- _Provided material_
★ ★ ★ ★

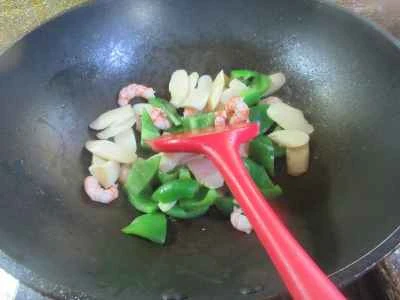 エビとピーマンとタケノコの炒め物の作り方：8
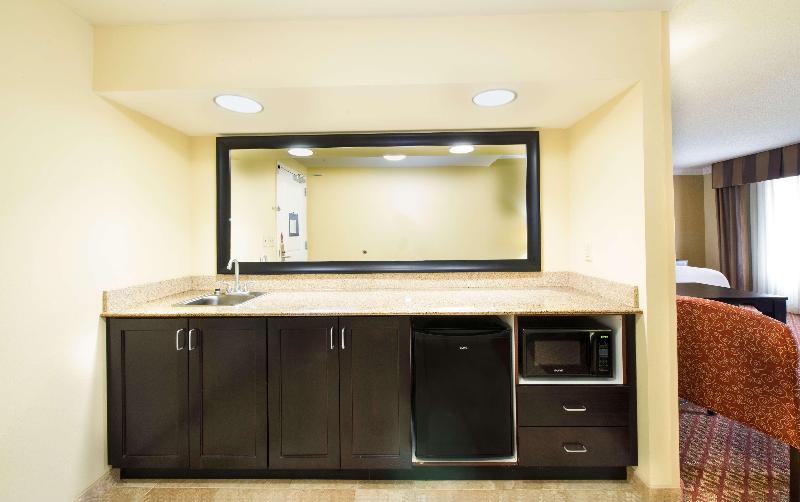 Hampton Inn & Suites Scottsboro image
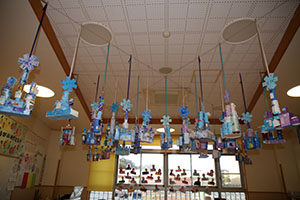 作品展の各クラスの個性あふれる作品　　　年中組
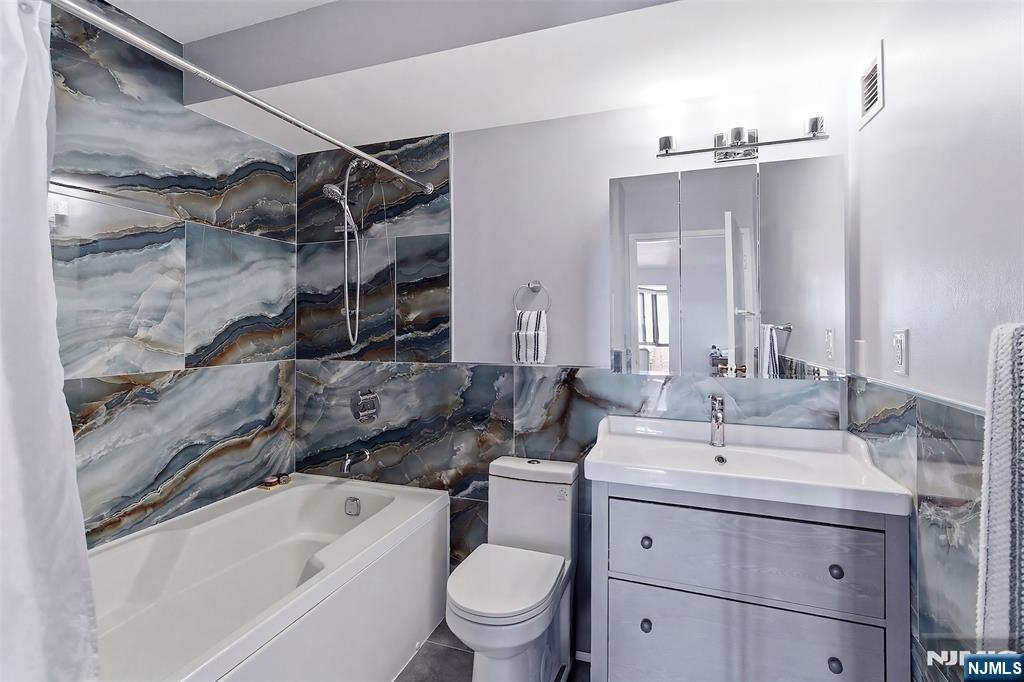 326 Prospect Avenue, Unit 11E Hackensack, NJ 07601 - Photo 12 of 21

★ ★ ★ ★

- _Task to complete_
Transcribe the material as is, with images omitted.

- _Written answer_
 エビとピーマンとタケノコの炒め物の作り方：8
 Hampton Inn & Suites Scottsboro image
 作品展の各クラスの個性あふれる作品　　　年中組
 326 Prospect Avenue, Unit 11E Hackensack, NJ 07601 - Photo 12 of 21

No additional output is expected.